Mexico gov’t lowers target for purchasing CanSino COVID-19 vaccine doses

FILE PHOTO: Vials of a COVID-19 vaccine candidate pictured in Wuhan
FILE PHOTO: Vials of a COVID-19 vaccine candidate pictured in Wuhan

MEXICO CITY (Reuters) – The Mexican government on Thursday floated the possibility that it will purchase far fewer COVID-19 vaccine doses from CanSino Biologics Inc than the 35 million doses announced last week by the country’s foreign minister.

Deputy Health Minister Hugo Lopez-Gatell, the government’s most prominent pandemic-response official, told W Radio that the amount of vaccines Mexico aims to buy from Chinese drugmaker CanSino is between 10 million and 35 million doses.

With the scramble for vaccine supplies heating up globally, Lopez-Gatell gave no reason why the government may purchase far less than planned. He said the government aims to finalize its contract with CanSino next week.

Lopez-Gatell also noted that the government is close to signing a separate vaccine contract with Johnson & Johnson’s Janssen unit for a potential 22 million doses.

Last week, Foreign Minister Marcelo Ebrard said the CanSino deal would supply 35 million doses of the company’s vaccine. This week, Ebrard said that at least five pharmaceutical companies have made COVID-19 vaccine proposals to Mexico with offered arrival dates as early as next month.

CanSino’s vaccine trials in Mexico are in Phase 3, the final step before certification by health authorities. The firm’s goal is to reach 15,000 volunteers in Mexico to complete the studies, but currently has just over 6,500. The global trial size is 40,000 volunteers.

Full results of the 12-month study are expected by the end of next year, according to Annette Ortiz Austin, director of the EPIC Research CRO laboratory managing ity.

Positive preliminary data, however, could accelerate the process and enable CanSino to have the vaccine ready for distribution by early 2021, she added in an interview with Reuters.

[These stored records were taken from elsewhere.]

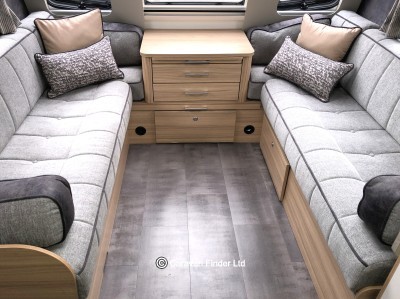 Bailey Pegasus Grande Messina GT75 2024 (Trade) image 4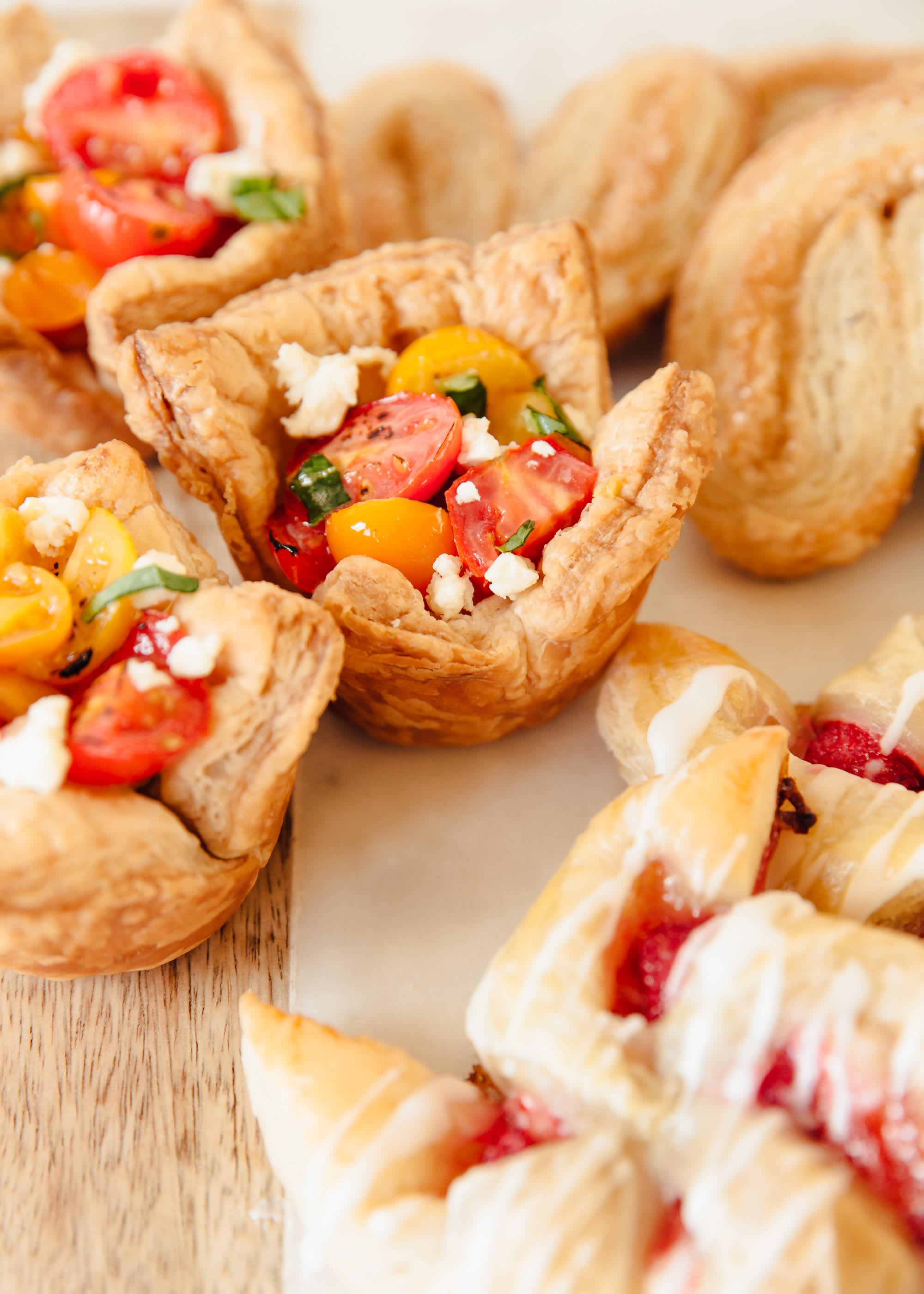 How To Make Puff Pastry from Scratch Kitchn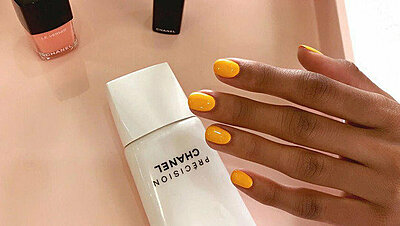 Yes, Yellow Nail Polish Can Be Chic for Your Summer Getaways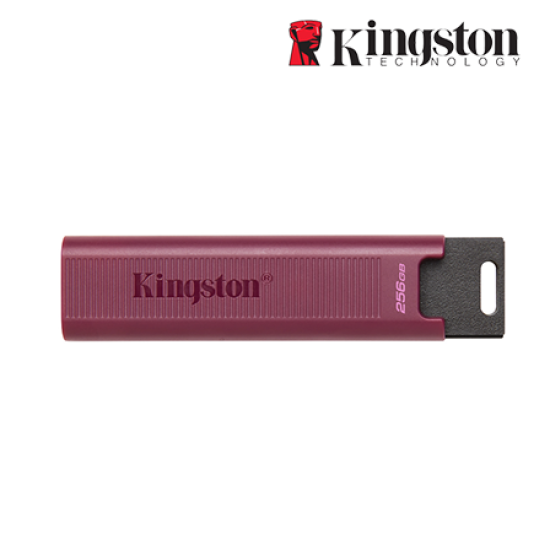 Kingston DataTraveler Max USB-A 1TB USB Flash Drive (1TB of Capacity, USB 3.2) Kingston DataTraveler Max USB-A 1TB USB Flash Drive (1TB of Capacity, USB 3.2)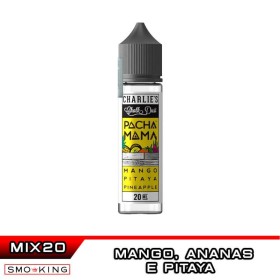MANGO PITAYA Mix&Vape 20 ml PACHA MAMA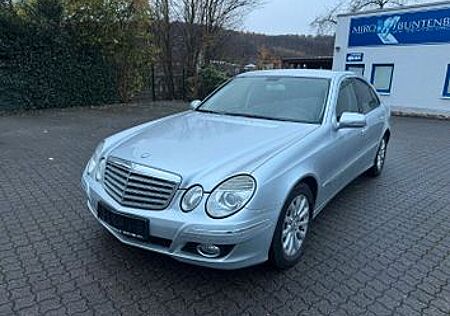Mercedes-Benz E 200 KOMPRESSOR ELEGANCE Elegance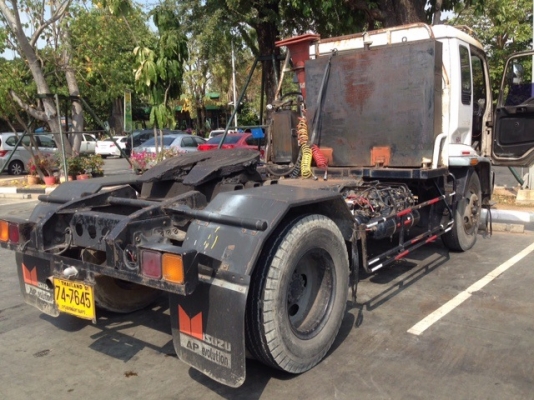 ขาย หัวลาก 6 ล้อ 195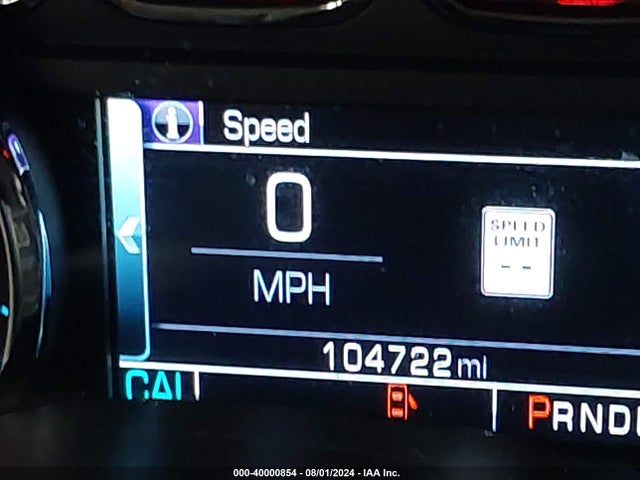 Chevrolet Silverado 1500 2lz 2018 3GCUKSEC1JG346257 Image 16
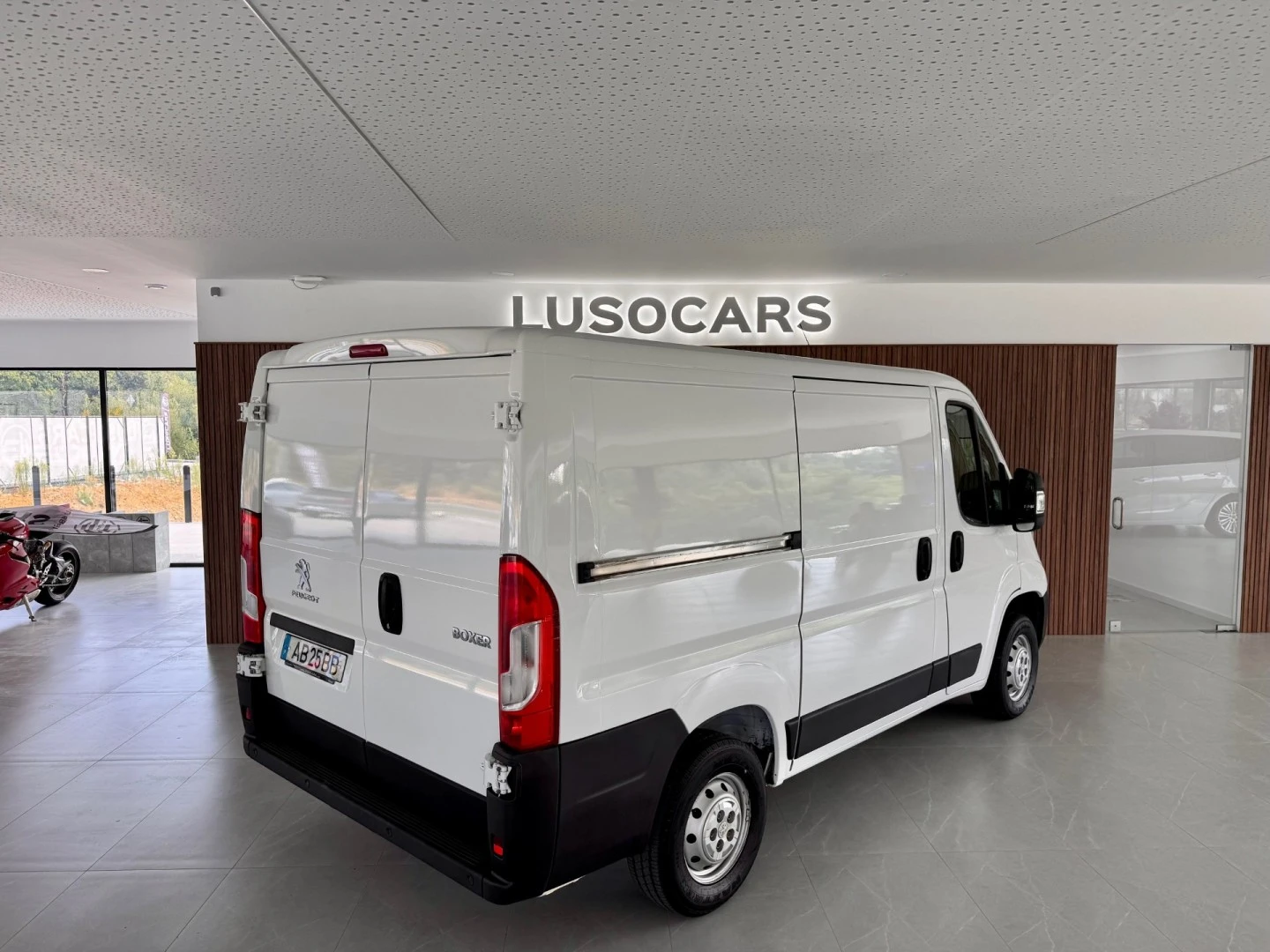 Peugeot Boxer 2.2 BlueHDi 330 L1H1 Pro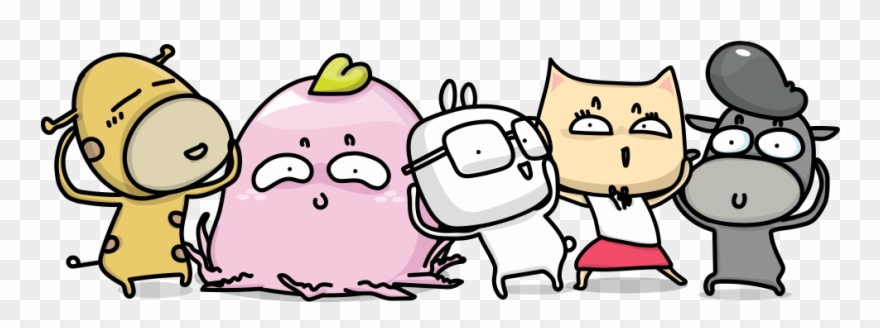 Designing My Own Character From Scratch Involves A Clipart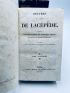 LACEPEDE : Oeuvres du Comte de Lacépède - Edition Originale - Edition-Originale.com
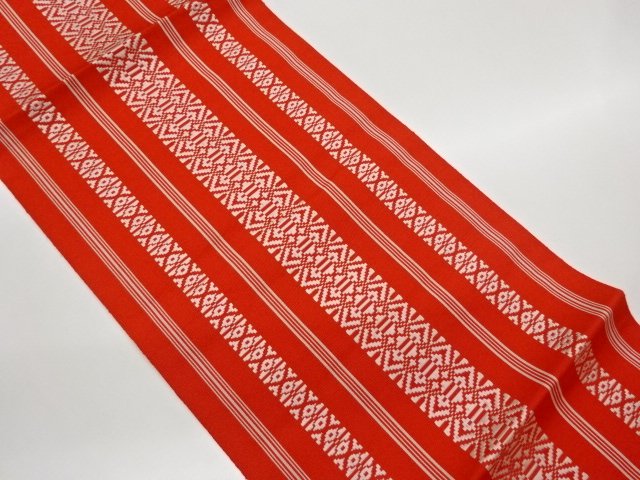 JAPANESE KIMONO / NAGOYA OBI / CHIKUZEN HAKATA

Mexico also has firmer agreements with AstraZeneca, the WHO-backed COVAX scheme and U.S.-based Pfizer, which now has regulatory approval in Mexico for its vaccine and could begin arriving as soon next week.

Mexico has been hard-hit by the pandemic.

The government’s official count shows that fatalities due to the coronavirus surpassed 115,000 on Wednesday, the fourth highest death toll worldwide behind only the United States, Brazil and India.